A: Shipments via the Zapolyarye-Pur-Pe pipeline should in 2017 total 7.2 million tons. Of that, Rosneft should ship 2.7 million tons, Messoyakhaneftegas -- 3 million tons and Lukoil -- 1.5 million tons. Shipments should stand at 12.6 million tons in 2018; 16.9 million tons in 2019 and 20.8 million tons in 2020. By 2020, a total of some 57.4 million tons should be supplied via the line, coming from Rosneft (23.9 million tons), Lukoil (6.8 million tons), Messoyakhaneftegas (19 million tons), Gazprom (5.2 million ton starting from 2018), and Arcticgas (2.6 million tons starting from 2018). Shipments via the Kuyumba-Taishet pipeline should total 945,000 tons in 2017, 2.8 million tons in 2018, 6.5 million tons in 2019 and 7.7 million tons in 2020. Overall, shipments should total some 18 million tons by 2020, comprising 4.9 million tons from Slavneft and 13.1 million tons from Vostoksibneftegas (Rosneft).

Q: Kazakhstan used to send crude oil to Russia in lieu of products supplies. Will the practice continue in 2017?

A: No, the program was completed in 2015 and there were no supplies in 2016.

Q: Transneft and the St.

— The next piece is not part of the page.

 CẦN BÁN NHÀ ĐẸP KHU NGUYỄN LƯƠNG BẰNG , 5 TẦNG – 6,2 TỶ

Petersburg Mercantile Exchange (Spimex) were discussing an option to prepare two-month loading schedules for Primorsk as part of the deliverable Urals futures initiative. Is there a need for such schedules today?

A: As part of our cooperation with Spimex, we provide a provisional loading plan for two months before the actual loading month. Spimex wants to have the final loading schedule, which is quite difficult in the current realities because the port of Primorsk is used by many producers as a residual direction.

Q: What does this mean?

A: When planning where to send their crude to, oil companies look at the economics of both exports and refining in Russia. Deliveries to refineries are usually planned first followed by premium export destinations. So this is some kind of a stable practice that the ports of Primorsk and Ust-Luga are the destinations where export plans change more frequently. Thus, when we started planning February loading in mid-January, the schedule was amended by six to seven positions in just a few days. This is why it is quite difficult to prepare the final loading schedule for Primorsk for two months in advance. We are currently providing only a provisional loading plan.

Q: What is it?

A: This is general information on oil producers' plans to ship their crude via the port, just the volumes without firm loading dates.

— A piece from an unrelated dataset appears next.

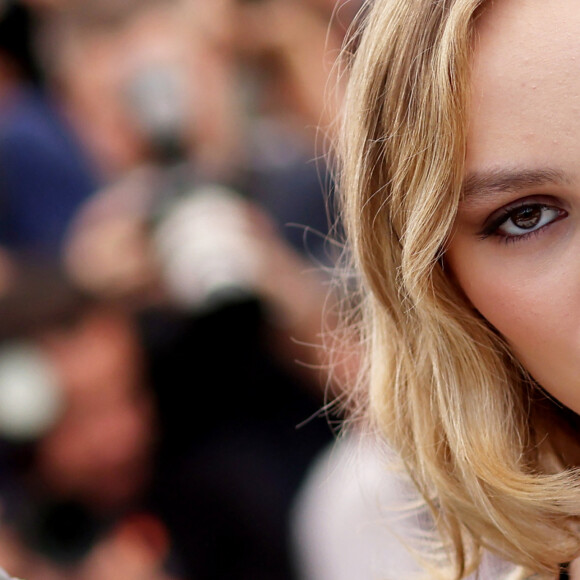 Lily Rose-Depp au photocall de "The Idol" lors du 76ème Festival International du Film de Cannes, le 23 mai 2023. © Jacovides / Moreau / Bestimage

Q: Why can a two-month schedule be prepared for Kozmino?

A: This is a premium direction where amendments are almost excluded.

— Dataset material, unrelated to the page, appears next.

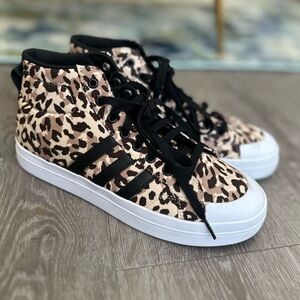 Women’s Adidas Nizza Mid Sneaker Size 9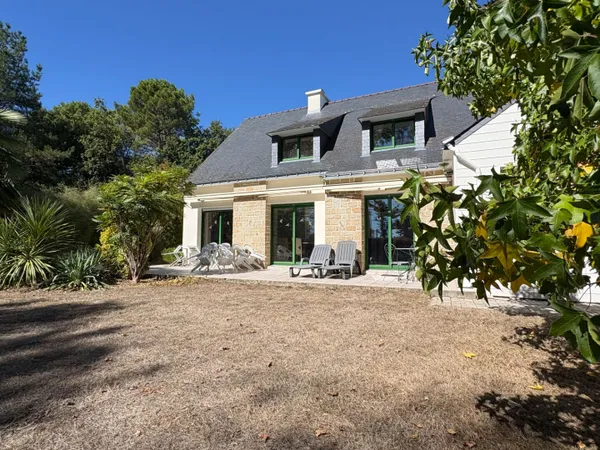 CRAC'H, BELLE MAISON FAMILIALE, AU CALME ET SANS VIS-À-VIS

Q: Is Spimex ready to take the provisional plan only?

A: We are jointly working on the issue.

Q: When can we expect first shipment of crude under the Urals futures contract?

A: As far as we know, this can happen in March.

Q: Should there be a free position in the loading schedule for that?

A: No. We send the provisional loading plan to Spimex and then this is their responsibility.

Q: What is the status of the discussions over the deterioration in the quality of Urals? When might a decision be taken on singling out the high-sulfur crude flow?

A: A special working group was set up at the request of the energy ministry, which monitors crude quality at refineries and key export directions. Data are provided every month and meetings are held on the issue. If there are sharp quality changes, then some decisions will be made. We still believe that singling out a high-sulfur crude flow is the most reasonable solution that should help balance the crude quality at refineries and key export directions.

Q: Are there complaints on quality from European producers?

A: There are some during our day-to-day operations. We try to avoid any sharp quality changes when transporting the crude to European customers.

Q: Crude exports via the Druzhba pipeline have been relatively stable for several years. However, European consumers have recently become more active in their attempts to substitute Russian crude. How does Transneft view the competition on the European market?

A: It is the oil companies that sell the crude on that market that should evaluate the level of competition. However, it is correct that exports in that direction have been rather stable. But even if shipping volumes via the Druzhba pipeline change, we can always reroute crude to our ports. The pipeline system will be utilized in any case, even under corrections to production plans.